_TASK DETAILS_: Write each line out exactly, from the one containing "this 640×480 image." through the final line of the data, and keep pictures out of the copy.

Saved entries:

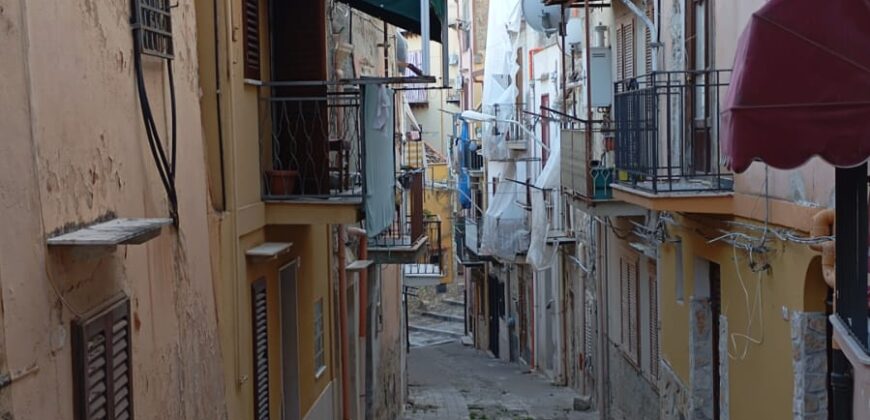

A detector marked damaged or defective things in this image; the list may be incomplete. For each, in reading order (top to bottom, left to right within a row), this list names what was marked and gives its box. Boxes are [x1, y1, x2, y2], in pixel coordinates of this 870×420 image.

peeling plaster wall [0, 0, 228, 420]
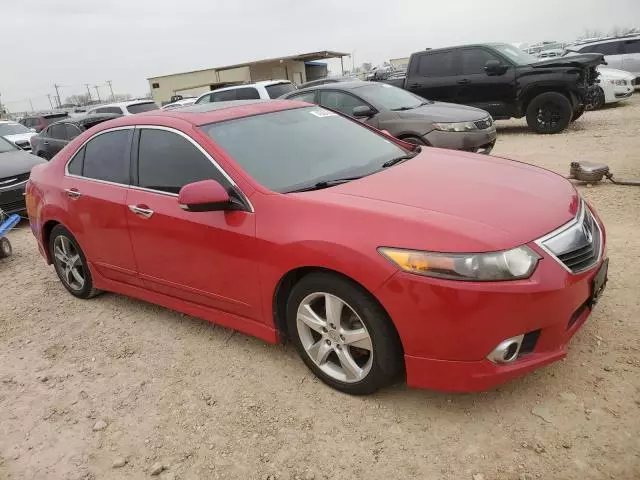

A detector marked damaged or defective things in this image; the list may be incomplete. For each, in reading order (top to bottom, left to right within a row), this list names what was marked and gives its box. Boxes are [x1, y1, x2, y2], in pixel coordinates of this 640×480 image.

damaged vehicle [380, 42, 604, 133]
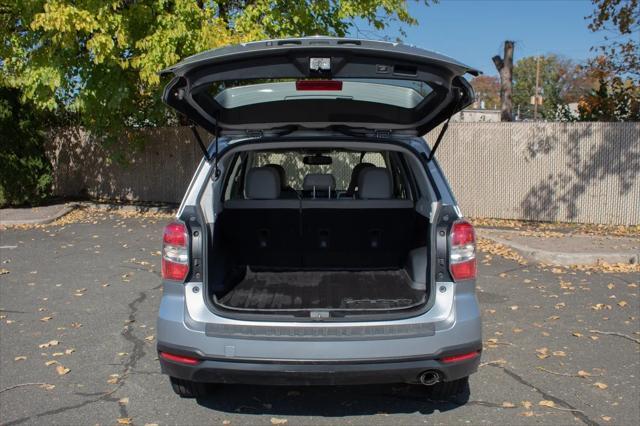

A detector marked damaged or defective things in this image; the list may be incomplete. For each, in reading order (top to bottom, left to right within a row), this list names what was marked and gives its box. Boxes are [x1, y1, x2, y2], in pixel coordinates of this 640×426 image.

_SOLUTION TO THE EXERCISE_:
A detector marked damaged or defective things in this image; the list may be incomplete. For each, in reading order (top to bottom, left to right within a row), this list names what was marked and gives its box. Boxes are [x1, y1, x2, y2], in pixel coordinates of this 640×480 image.

damaged vehicle [380, 42, 604, 133]

A detector marked damaged or defective things in this image; the list may be incomplete. For each, in reading order (top to bottom, left to right within a row), this list names what was marked and gives its box. Boxes are [x1, y1, x2, y2], in pixel coordinates of this 640×426 image.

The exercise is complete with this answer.